This paper presents a sensor fusion method based on indirect Kalman filter(IKF) for error compensation of low-cost inertial sensors and its application to the determination of attitude and position of small flying robots. First, the analysis of the measurement error characteristics to zero input is performed, focusing on the bias due to the temperature variation, to derive a simple nonlinear bias model of low-cost inertial sensors. Moreover, from the experimental results that the coefficients of this bias model possess non-deterministic (stochastic) uncertainties, the bias of low-cost inertial sensors is characterized as consisting of both deterministic and stochastic bias terms. Then, IKF is derived to improve long term stability dominated by the stochastic bias error, fusing low-cost inertial sensor measurements compensated by the deterministic bias model with non-inertial sensor measurement.
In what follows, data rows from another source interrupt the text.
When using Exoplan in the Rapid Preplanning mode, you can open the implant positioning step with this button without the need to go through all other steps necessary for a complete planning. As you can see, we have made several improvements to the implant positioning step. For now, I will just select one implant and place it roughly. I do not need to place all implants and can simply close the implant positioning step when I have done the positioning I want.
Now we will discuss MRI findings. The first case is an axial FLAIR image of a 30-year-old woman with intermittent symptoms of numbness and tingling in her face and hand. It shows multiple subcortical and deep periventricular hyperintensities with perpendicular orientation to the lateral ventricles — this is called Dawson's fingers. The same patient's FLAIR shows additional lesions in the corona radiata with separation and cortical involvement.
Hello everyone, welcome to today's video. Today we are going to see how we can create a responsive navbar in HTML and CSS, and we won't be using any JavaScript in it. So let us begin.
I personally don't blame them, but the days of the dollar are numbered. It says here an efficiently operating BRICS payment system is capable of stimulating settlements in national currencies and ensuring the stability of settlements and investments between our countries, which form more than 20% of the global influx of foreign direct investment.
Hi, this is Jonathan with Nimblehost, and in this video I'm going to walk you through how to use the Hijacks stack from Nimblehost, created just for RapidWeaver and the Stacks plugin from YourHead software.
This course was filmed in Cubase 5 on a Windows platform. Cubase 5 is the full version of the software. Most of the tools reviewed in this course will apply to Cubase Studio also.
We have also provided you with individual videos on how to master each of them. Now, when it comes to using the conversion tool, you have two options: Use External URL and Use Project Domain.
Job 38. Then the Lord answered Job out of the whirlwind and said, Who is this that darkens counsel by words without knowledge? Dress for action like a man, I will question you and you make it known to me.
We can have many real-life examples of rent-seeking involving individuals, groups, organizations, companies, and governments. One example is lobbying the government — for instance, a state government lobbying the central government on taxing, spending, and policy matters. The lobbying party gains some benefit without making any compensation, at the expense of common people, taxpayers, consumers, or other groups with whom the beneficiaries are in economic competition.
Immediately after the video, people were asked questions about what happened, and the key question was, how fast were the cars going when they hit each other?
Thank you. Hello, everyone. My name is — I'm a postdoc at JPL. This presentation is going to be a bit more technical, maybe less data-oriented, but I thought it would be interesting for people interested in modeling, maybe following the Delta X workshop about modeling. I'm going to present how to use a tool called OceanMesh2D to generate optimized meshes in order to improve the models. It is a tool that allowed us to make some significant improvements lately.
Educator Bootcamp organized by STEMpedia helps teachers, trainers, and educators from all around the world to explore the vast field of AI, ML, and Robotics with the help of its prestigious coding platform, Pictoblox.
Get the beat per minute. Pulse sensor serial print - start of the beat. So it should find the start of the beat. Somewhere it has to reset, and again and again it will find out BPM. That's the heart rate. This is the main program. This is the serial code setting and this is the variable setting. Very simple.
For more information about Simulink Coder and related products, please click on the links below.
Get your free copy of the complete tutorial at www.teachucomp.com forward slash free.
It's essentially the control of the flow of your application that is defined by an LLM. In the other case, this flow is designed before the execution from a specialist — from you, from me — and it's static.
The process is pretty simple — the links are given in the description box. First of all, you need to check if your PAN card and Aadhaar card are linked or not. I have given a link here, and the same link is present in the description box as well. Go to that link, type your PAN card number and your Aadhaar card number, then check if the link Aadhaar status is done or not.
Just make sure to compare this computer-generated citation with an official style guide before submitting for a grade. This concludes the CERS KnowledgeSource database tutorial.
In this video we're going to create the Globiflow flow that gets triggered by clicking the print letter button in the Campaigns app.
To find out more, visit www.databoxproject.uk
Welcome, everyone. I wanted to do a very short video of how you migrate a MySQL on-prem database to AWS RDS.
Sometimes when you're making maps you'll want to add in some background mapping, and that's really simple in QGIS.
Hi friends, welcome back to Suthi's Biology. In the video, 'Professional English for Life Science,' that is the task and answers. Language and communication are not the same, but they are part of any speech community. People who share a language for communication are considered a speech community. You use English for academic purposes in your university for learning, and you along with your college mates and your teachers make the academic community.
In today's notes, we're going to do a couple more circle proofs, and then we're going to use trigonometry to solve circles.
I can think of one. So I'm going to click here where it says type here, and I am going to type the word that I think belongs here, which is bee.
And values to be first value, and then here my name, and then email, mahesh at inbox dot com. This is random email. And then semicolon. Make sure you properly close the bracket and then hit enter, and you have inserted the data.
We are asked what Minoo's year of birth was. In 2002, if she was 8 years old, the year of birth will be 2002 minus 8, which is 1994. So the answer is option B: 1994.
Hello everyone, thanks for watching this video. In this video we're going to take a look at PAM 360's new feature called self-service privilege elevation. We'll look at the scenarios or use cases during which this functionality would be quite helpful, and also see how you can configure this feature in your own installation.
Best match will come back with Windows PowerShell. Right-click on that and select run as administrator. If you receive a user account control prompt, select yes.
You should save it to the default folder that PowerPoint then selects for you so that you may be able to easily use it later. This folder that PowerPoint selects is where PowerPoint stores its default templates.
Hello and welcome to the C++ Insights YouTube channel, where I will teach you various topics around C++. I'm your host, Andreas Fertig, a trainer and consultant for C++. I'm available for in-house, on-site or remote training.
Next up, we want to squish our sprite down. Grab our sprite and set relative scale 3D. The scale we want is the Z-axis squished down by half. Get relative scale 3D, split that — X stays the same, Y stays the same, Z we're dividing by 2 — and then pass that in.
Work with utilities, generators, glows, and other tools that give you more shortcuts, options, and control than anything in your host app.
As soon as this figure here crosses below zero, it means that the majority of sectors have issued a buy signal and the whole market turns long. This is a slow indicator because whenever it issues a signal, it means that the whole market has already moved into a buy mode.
In addition, in case of using intermittent non-inertial sensor measurements due to the unreliable data link, the upper and lower bounds of the state estimation error covariance matrix of discrete-time IKF are analyzed by solving stochastic algebraic Riccati equation and it is shown that they are dependant on the throughput of the data link and sampling period. To evaluate the performance of proposed method, experimental results of IKF for the attitude determination of a small flying robot are presented in comparison with that of extended Kaman filter which compensates only deterministic bias error model.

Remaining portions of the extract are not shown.